Private sponsorship may be the only hope for cash-starved culture

EVEN for strike-hardened Italians, there is an element of novelty in the stoppage which has been called for October 14th. Theatres, cinemas and opera houses are to close in protest at what an actress, Mariangela Melato, has called a "disaster for all of us and the whole of Italian culture".

As details of Italy's 2006 budget have trickled out, it has become clear the arts have again been singled out as the prime target for spending cuts. Last year, the cuts were painful enough to elicit a threat of resignation--never actually carried out--from the then culture minister. This year, they go even deeper.

The bill drawn up by Giulio Tremonti, who returned to his old job as finance minister after his predecessor quit last month, would shrink the main kitty for the performing arts, known by its acronym as the FUS, by about a third.

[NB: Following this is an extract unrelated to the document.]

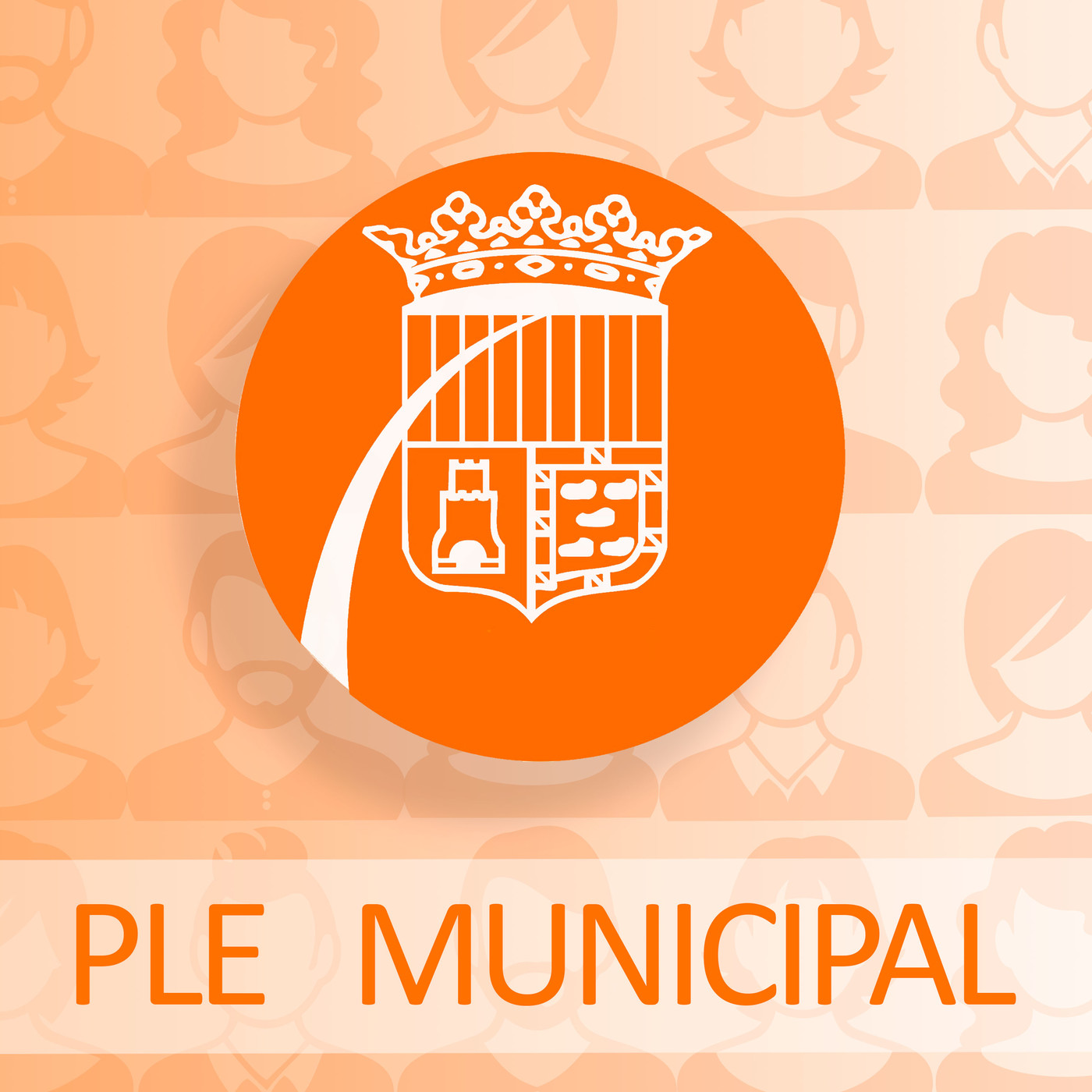 Ple municipal de gener 2019. Sense talls episode artwork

Among internationally renowned institutions affected are the great Milan and Venice opera houses, La Scala and La Fenice; Milan's Piccolo Teatro; and the Accademia Nazionale di Santa Cecilia in Rome.

None of these mighty centres of excellence is funded solely from the FUS. La Scala, for example, gets lottery money. But the budget also forces big cuts on the regional, provincial and local authorities that supply roughly half of the funding for culture in Italy.

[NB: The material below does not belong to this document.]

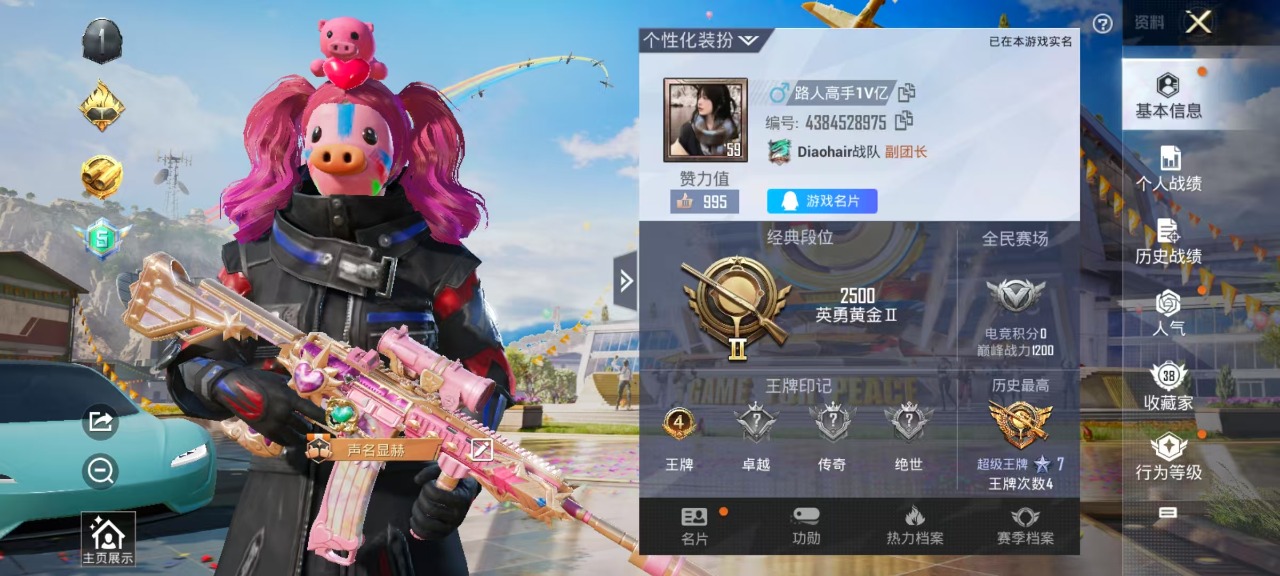 HPQM3162423和平精英账号详情图6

Massimo Cacciari, mayor of Venice and president of La Fenice, said he would be left with "only the money to pay the staff". Bad news for opera lovers. But should they expect their passion to be bankrolled by other taxpayers?

Definitely, says Severino Salvemini, who lectures on cultural economics at Milan's Bocconi University. "For Italians, investment in culture is almost a productive investment," he says. "The more we become a society whose output relies on aesthetics, the more culture becomes a contribution to competitiveness."

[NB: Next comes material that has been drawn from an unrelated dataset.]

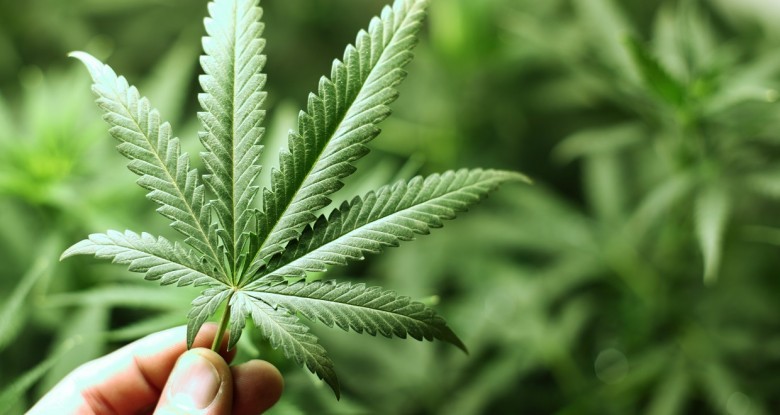 جماعة إيساغن بإقليم الحسيمة تتطلع لاحتضان منطقة للأنشطة الاقتصادية المتعلقة بتثمين منتوجات القنب الهندي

Perhaps, replies Eleonora Belfiore, of the Centre for Cultural Policy Studies at Britain's Warwick University. "All sorts of claims are made for the economic value of culture," she notes. "But whenever economists have studied these claims, they have found there is very little hard evidence to support them."

However, she agrees with Professor Salvemini on one thing: while cutting off public money to the arts, Silvio Berlusconi's government has done too little to ensure the funds are replaced with private largesse. After four years of conservative government, individuals still cannot set patronage of the arts against their tax liability, and the fiscal incentives for corporations are more theoretical than real.

According to the Council of Europe, there is proportionately less private cultural sponsorship in Italy than in Germany or Britain, though more than in France. Much of this private money goes on heritage conservation, and what is left cannot be increased overnight to make good cuts of about 30%. But to be true to its own principles, the right-wing government could at least make a start. This would show how much individual and corporate generosity, properly harnessed, can benefit the arts--in a country whose heritage owes so much to patrons with deep pockets.

Private sponsorship may be the only hope for the cash-starved culture sector in Italy, as public funding is cut back.